Ingestion Settings

The Ingestion Settings allow you to customize how your GIDR processes incoming data, including language, privacy, and chunking strategies.

General Settings

Language: Select the primary language for processing (e.g., EN for English).
Transcription Provider: Choose the service used for transcribing audio/video content (e.g., AssemblyAI).
Anonymize PII: specific whether Personally Identifiable Information (PII) should be redacted (e.g., FALSE) during ingestion time.

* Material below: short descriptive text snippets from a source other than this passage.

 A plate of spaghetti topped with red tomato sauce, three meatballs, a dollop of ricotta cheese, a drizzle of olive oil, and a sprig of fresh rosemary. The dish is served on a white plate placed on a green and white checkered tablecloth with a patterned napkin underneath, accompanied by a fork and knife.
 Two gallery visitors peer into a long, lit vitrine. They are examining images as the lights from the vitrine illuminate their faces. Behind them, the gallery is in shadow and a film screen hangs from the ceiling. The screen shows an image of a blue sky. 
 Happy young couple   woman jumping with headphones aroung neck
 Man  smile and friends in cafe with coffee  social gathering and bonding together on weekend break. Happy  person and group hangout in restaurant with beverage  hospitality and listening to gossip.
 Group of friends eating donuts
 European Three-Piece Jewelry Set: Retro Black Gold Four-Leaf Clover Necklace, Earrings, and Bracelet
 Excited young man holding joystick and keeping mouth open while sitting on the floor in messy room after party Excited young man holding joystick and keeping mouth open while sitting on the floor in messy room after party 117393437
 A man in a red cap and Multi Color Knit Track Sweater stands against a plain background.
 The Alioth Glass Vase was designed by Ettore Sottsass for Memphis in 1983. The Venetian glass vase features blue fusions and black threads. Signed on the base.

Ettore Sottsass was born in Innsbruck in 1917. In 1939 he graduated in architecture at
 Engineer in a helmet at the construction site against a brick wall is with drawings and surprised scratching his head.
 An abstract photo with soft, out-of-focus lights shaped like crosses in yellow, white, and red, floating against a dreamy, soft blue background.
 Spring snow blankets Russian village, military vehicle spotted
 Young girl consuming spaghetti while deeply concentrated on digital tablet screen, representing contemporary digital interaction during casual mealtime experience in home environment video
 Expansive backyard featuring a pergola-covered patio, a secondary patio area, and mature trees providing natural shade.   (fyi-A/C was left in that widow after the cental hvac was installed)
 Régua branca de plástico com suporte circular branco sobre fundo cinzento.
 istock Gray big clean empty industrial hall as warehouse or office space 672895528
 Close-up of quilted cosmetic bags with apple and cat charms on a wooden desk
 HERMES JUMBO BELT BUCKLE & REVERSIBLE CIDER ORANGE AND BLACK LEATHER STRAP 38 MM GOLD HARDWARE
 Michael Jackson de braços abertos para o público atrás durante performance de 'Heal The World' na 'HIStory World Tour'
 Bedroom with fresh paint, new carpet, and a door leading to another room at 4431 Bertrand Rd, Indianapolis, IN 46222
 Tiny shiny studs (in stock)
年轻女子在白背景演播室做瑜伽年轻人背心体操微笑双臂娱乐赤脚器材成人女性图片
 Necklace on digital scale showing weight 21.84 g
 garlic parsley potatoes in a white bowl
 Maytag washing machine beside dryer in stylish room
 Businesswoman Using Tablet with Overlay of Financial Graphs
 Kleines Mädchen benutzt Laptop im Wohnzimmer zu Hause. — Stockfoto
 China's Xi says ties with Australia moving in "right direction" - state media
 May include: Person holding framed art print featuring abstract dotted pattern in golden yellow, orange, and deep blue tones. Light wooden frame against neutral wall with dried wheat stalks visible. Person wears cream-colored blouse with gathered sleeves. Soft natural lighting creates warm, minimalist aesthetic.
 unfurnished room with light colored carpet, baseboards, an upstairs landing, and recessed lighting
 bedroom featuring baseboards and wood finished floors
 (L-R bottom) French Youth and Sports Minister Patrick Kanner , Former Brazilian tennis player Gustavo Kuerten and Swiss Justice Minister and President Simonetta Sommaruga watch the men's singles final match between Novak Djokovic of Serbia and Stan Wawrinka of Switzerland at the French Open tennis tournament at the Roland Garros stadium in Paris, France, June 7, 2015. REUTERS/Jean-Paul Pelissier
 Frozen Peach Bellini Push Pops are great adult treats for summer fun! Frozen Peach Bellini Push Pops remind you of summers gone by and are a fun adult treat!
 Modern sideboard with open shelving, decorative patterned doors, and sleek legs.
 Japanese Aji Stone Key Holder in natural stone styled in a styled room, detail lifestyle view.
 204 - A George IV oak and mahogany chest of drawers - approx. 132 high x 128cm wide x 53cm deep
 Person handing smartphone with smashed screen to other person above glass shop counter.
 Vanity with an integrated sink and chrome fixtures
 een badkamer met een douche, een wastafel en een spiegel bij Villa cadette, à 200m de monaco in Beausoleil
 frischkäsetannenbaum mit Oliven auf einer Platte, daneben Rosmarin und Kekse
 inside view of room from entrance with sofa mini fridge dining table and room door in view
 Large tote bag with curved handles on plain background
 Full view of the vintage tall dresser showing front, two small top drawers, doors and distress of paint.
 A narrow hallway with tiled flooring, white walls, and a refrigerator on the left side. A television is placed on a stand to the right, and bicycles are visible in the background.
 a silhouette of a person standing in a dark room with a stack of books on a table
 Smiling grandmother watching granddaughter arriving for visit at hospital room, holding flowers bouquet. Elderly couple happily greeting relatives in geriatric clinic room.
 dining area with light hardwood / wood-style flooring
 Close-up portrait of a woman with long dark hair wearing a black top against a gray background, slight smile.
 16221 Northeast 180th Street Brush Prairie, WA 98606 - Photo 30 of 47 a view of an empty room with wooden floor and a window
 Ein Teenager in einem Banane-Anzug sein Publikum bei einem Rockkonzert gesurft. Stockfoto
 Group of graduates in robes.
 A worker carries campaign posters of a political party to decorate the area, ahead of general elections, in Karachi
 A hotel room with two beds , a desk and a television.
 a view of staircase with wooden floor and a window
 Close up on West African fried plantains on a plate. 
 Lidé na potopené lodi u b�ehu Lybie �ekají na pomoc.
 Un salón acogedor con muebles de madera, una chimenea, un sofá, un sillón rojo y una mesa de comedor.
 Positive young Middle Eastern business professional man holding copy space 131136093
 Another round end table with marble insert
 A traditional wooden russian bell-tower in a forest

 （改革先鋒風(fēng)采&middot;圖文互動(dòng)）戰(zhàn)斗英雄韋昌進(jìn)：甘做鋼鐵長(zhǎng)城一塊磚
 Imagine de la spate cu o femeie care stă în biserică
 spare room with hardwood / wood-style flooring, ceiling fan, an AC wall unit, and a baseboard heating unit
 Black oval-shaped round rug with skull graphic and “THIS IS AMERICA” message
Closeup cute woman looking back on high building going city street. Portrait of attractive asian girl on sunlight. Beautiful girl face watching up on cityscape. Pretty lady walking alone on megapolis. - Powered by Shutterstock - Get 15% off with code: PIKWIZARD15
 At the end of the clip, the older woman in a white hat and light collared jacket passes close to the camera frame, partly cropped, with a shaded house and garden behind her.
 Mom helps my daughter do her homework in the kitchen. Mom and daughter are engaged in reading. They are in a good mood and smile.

You can choose how documents are parsed and embedded.

Standard processing for text-based documents.

Advanced processing for documents where visual layout is critical (e.g., charts, diagrams).

Processing type: Select Image.
Page as Image LLM: Choose a LLM supporting vision (e.g., Gemini 2.5 FLASH) capable of analyzing page images.
Page as Image Prompt: Define the role and goal for the LLM to generate comprehensive descriptions for retrieval.

SQL Ingestion LLM: (Optional) Select a specific LLM model for handling SQL-related ingestion if applicable.
SQL Ingestion Prompt: Customize instructions for analyzing schema structure and semantics.

Configure how long documents are split into smaller segments for retrieval.

Enable Parent Child: Toggle to use parent-child chunking for better context retention.
Child Chunk Size: The number of characters/tokens per child chunk (e.g., 1000).
Child Chunk Overlap: The overlap between consecutive chunks to maintain continuity (e.g., 100).